Desde hace cuatro años soy profesor de la asignatura Periodismo de Paz en una universidad en Bogotá. Parte de la clase se centra en explicar el desarrollo del conflicto armado en los últimos sesenta años y los actores responsables, entre los que se encuentran las guerrillas y los paramilitares, pero también los agentes del Estado, actores políticos y económicos. En palabras de un sector político y algunos colegas, básicamente, me dedico a ‘adoctrinar’ a mis estudiantes.
Mi clase, digamos, no tiene un contenido novedoso. Cualquier colombiano que quiera investigar por su cuenta, puede encontrar gran cantidad de material periodístico, académico y sentencias judiciales que dibujan la evolución del conflicto, y la clara participación de actores del establecimiento en violaciones a los derechos humanos. Pero es información que apenas circula en una burbuja muy limitada: muchísimos colombianos no tienen la menor idea de las responsabilidades probadas detrás de la violencia.
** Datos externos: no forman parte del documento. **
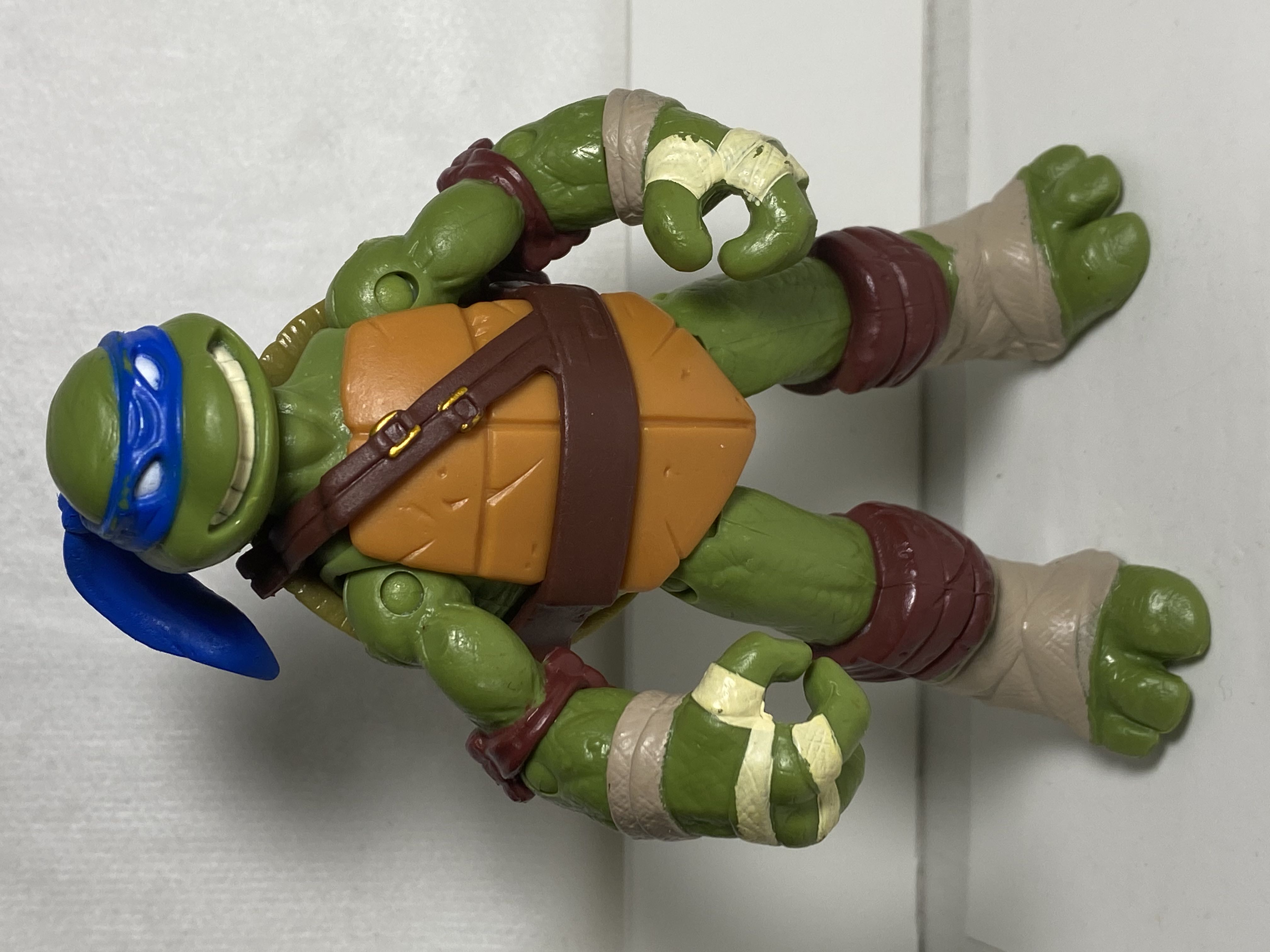 Leonardo - Playmates (Teenage Mutant Ninja Turtles) action figure collectible [Barcode 043377905004] - Main Image 4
La ‘verdad’ que se asume ampliamente está llena de estigmas y tiene pocos matices. Una ‘verdad’ hegemónica que insiste en señalar hechos comprobados por la justicia o por serios trabajos académicos que han recogido miles de testimonios de víctimas del conflicto, como simples opiniones políticas. Una ‘verdad’ que se ha construido a partir de un real y disimulado adoctrinamiento basado en el silencio.
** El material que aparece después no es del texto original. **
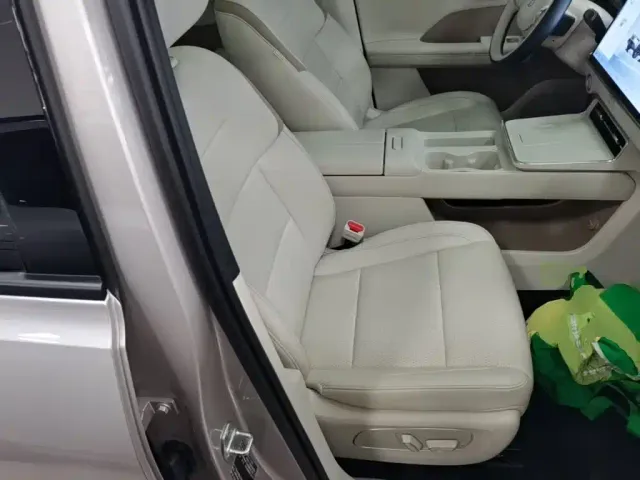Toyota BoZhi 3X — Фото автомобиля 24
Gran parte de los estudiantes se sorprende en la clase. Casi todos tienen cerca de 20 años y muchos no han hablado nunca con una víctima del conflicto armado, en un país con más de siete millones de víctimas. No han tenido un espacio en sus colegios o en sus tempranos años de universidad en el que puedan comprender la forma en que este conflicto ha cambiado durante tantas décadas.
Por ejemplo, nadie les contó cómo a principio de los ochenta confluyeron en el Magdalena Medio los intereses de militares y ganaderos; de narcotraficantes del Cartel de Medellín; de políticos tradicionales que veían amenazados sus feudos por movimientos de izquierda; de algunos campesinos víctimas de las extorsiones de las guerrillas de las Farc o el ELN. Tampoco les contaron cómo todos terminaron creando la máquina de guerra del paramilitarismo que se exportó a varios lugares del país en los ochenta. No son opiniones políticas. Han pasado ya cuarenta años y mucha gente ha contado esta historia, pero pocos la han escuchado.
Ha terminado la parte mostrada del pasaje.